Deutschland bemüht sich derzeit im Rahmen seiner G20-Präsidentschaft darum, dass der Klimaschutz nicht zu kurz kommt. Der neue Bericht der Deutschen Asset Management (Deutsche AM) zeigt auf, wie wertvoll es sein kann, nicht-finanzielle Kriterien wie Umwelt, Soziale Verantwortung und Vorbildliche Unternehmensführung (Environment, Social and Governance, ESG) bei Anlageentscheidungen zu berücksichtigen.
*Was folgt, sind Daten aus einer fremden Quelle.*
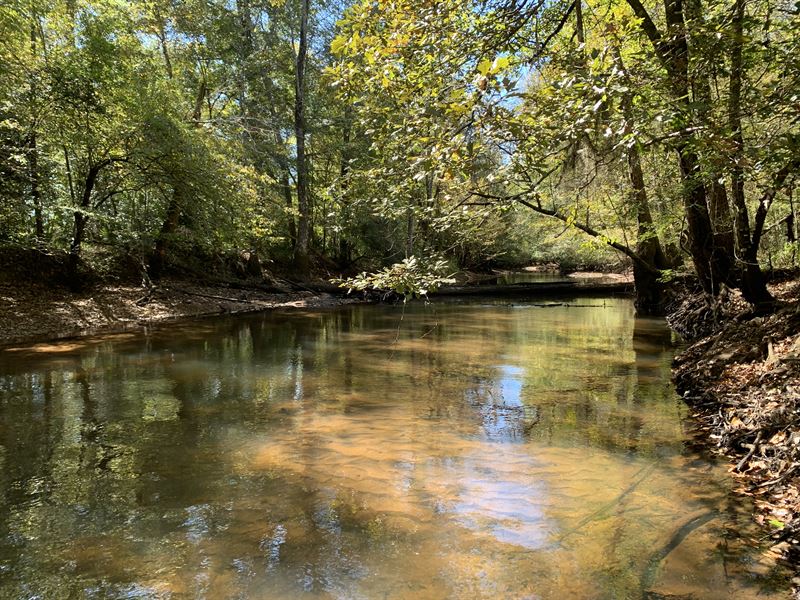 Big Sandy Creek : Toomsboro : Wilkinson County : Georgia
Der zweite Nachhaltigkeitsbericht ist für unseren Heimatmarkt besonders relevant: Deutschland hält derzeit die G20-Präsidentschaft, und Bonn bereitet sich auf den COP 23 Klimagipfel (23. Conference of the Parties) im November vor.

„ESG-Anlagen gewinnen Dynamik. Unser Bericht zeigt, wie sie sich weiterentwickelt haben: Sie können nicht nur dem Risikomanagement dienen und vor Verlusten schützen, sondern geben Unternehmen auch die richtigen Anreize“, sagt Michael Lewis, der die ESG-Forschung bei der Deutschen AM leitet.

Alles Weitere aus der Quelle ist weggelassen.